The non-Indigenous population saw significant growth in high school graduates and slight gains in both university graduates and those working in the previous year. The on-reserve Indigenous population saw slight growth in graduating rates and a slight decline in those obtaining a university degree and those working the previous year. The numbers alone unearth the disconnects in simply drawing upon high school graduation rates to suggest the improved well-being of Indigenous students in British Columbia. In order to gain a greater understanding of the societal responsibility for the diverging patterns of academic and employment success, we will now apply Rawls’ difference principle to the data we have presented.

Fair Equality of Opportunity and the Difference Principle

Distributive theories of justice may seem at first glance at odds with Indigenous knowledge and ways of knowing. We want to acknowledge that Indigenous methodologies honour the ways in which to value Indigenous ways of being. These methodologies perpetuate a retelling and reclaiming of Indigeneity and its rightful place in research. While we are highly attentive to this tension, for the purposes of this article, liberal theories of distributive justice provide an important ethical foundation for legal accountability of educational institutions in Canada. As such they provide important ethical tools for addressing real educational injustices against Indigenous Canadians within colonial legal, political, and educational institutions. Drawing upon distributive justice may provide mechanisms for the reallocation of resources, particularly for Indigenous peoples who are among the least advantaged members of Canadian society. The limitation of liberal theories of distributive justice, however, is that it does not attend to the practices and norms that marginalize Indigenous ways of knowing and being, particularly when we consider what occurs inside schools. This is particularly apparent given the gross injustices of residential schooling in Canada for over a century and a half. Acknowledging this, we have purposefully drawn upon some of the key tenets of liberal theory in particular, using distributive justice arguments as a lens through which to understand how financial resources are allocated. At a fundamental level, distributive justice attends to the just or fair distribution of income and wealth. In this view, “a society has an ongoing duty to fairly distribute income and wealth among people engaged in social and economic cooperation, without regard to whether they are poor or not” (Freeman, 2007, p. 87). Distributive theories may offer principles for how the distribution of resources ought to be allocated in order to partially attend to an unequal distribution of resources, while recognizing that broader historical inequities and injustices will require a different philosophical lens to address reconciliation with Indigenous peoples.
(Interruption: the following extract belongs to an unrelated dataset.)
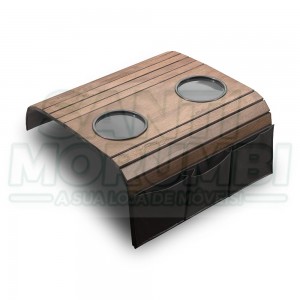 Esteira Flexível Moblis para Braço de Sofá com Porta-Copos e Porta-Controles MDF Tabaco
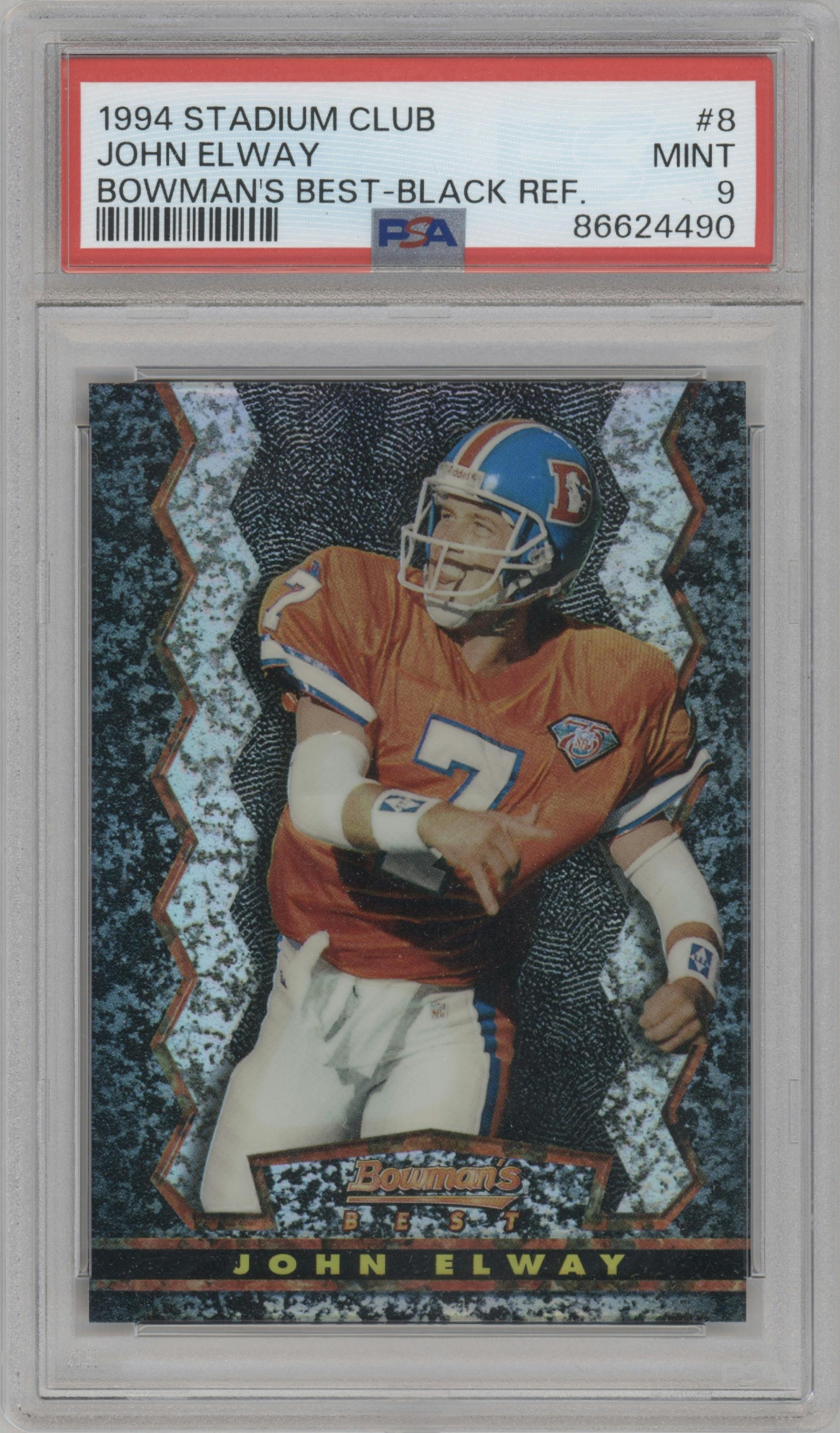 John Elway from the 1994 Stadium Club set featuring a Black Refractor parallel graded by PSA and given an overall grade of 9.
To understand this insight, we will first discuss Rawls’ theory of justice. Rawls’ seminal work, A Theory of Justice, is based on the premise that “justice is the first virtue of social institutions” and that justice attends to the “basic structures of society” (Rawls, 1999, p. 3). One of the fundamental structures of a society are school systems; Rawls argues that the “basic structure is the primary subject of justice because its effects are so profound and present from the start” (ibid., p. 7). Two main principles frame Rawls’ theory of justice as it applies to fairness:

(a) Each person has the same indefeasible claim to a fully adequate scheme of basic liberties, which scheme is compatible with the same scheme of liberties for all; and
(b) Social and economic inequalities are to satisfy two conditions: first, they are to be attached to offices and positions open to all under conditions of fair equality of opportunity; and second, they are to be to the greatest benefit of the least-advantaged members of society (the difference principle).

Rawls, 2001, pp. 42–43

The first principle speaks to the basic liberty rights of each citizen within a democracy. The second principle speaks to the distribution of wealth, authority, and responsibility (Rawls, 1999, p. 53). Many academics argue that Rawls lays out three principles of justice, not two, since there are two fundamental concepts contained in the second principle (Choptiany, 1973, p. 146). The second half of the second principle – “they are to be to the greatest benefit of the least-advantaged members of society” – includes the notion of fair equality of opportunity, and the notion of the difference principle, which will be the particular focus used in this article to evaluate the graduation rates in British Columbia.

More broadly, distributive justice is based on a notion of fair equality of opportunity that seeks to rectify social disadvantage. Rawls provides a rationale for endorsing a notion of fair equality of opportunity. He states:

Those with similar abilities and skills should have similar life chances. More specifically, assuming that there is a distribution of natural assets, those who are at the same level of talent and ability, and have the same willingness to use them, should have the same prospects of success regardless of their initial place in the social system. In all sectors of society there should be roughly equal prospects of culture and achievement for everyone similar motivated and endowed. The expectations of those with the same abilities and aspirations should not be affected by their social class.

Rawls, 1999, p. 63

To illustrate this point, certain people will, arguably, necessarily prosper more than others depending on the family and the life circumstances to which they are born. Children from upper- or middle-class families will be afforded more resources and opportunities than those from economically or socially disadvantaged families. Given this premise, education is commonly identified a system that works to mitigate these inequities. Education systems have a positive duty to redress inequalities between the rich and poor by striving for equality of opportunity. For Rawls, equality of opportunity may require greater educational resources for some in order to lessen the current inequities between the advantaged and disadvantaged. At a fundamental level, this egalitarian lens rests on the premise that all citizens should have a social basis of self-respect.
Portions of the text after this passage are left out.